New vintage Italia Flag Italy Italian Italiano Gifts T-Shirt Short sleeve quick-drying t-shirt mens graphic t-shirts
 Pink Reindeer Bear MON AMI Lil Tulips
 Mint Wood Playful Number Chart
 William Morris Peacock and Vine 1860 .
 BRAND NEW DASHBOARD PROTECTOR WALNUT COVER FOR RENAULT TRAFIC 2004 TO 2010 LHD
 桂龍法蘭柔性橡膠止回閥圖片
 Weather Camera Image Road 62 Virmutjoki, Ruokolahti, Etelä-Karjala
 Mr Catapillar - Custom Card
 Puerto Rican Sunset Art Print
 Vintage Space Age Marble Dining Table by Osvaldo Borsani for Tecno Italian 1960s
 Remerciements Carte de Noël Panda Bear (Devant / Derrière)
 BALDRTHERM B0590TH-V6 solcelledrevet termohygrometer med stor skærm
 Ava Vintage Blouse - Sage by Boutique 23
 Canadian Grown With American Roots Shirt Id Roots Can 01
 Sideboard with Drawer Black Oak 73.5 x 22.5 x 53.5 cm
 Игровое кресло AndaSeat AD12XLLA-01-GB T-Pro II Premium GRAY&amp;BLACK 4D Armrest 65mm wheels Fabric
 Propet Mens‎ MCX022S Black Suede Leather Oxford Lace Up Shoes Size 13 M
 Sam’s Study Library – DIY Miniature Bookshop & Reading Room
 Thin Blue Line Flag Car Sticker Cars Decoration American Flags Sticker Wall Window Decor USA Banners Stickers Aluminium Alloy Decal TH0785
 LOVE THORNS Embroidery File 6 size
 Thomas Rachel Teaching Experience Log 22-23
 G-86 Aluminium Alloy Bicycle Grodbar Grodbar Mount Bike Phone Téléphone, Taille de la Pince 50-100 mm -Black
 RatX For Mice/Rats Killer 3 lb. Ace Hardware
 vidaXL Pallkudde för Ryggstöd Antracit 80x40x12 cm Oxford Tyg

◆ **What to produce**: Out of the data above, set down the lines from the one with "Puerto Rican Sunset Art Print" to the one with "Sam’s Study Library", both included, exactly as written and with no additions.

◆ **Your solution**:
 Puerto Rican Sunset Art Print
 Vintage Space Age Marble Dining Table by Osvaldo Borsani for Tecno Italian 1960s
 Remerciements Carte de Noël Panda Bear (Devant / Derrière)
 BALDRTHERM B0590TH-V6 solcelledrevet termohygrometer med stor skærm
 Ava Vintage Blouse - Sage by Boutique 23
 Canadian Grown With American Roots Shirt Id Roots Can 01
 Sideboard with Drawer Black Oak 73.5 x 22.5 x 53.5 cm
 Игровое кресло AndaSeat AD12XLLA-01-GB T-Pro II Premium GRAY&amp;BLACK 4D Armrest 65mm wheels Fabric
 Propet Mens‎ MCX022S Black Suede Leather Oxford Lace Up Shoes Size 13 M
 Sam’s Study Library – DIY Miniature Bookshop & Reading Room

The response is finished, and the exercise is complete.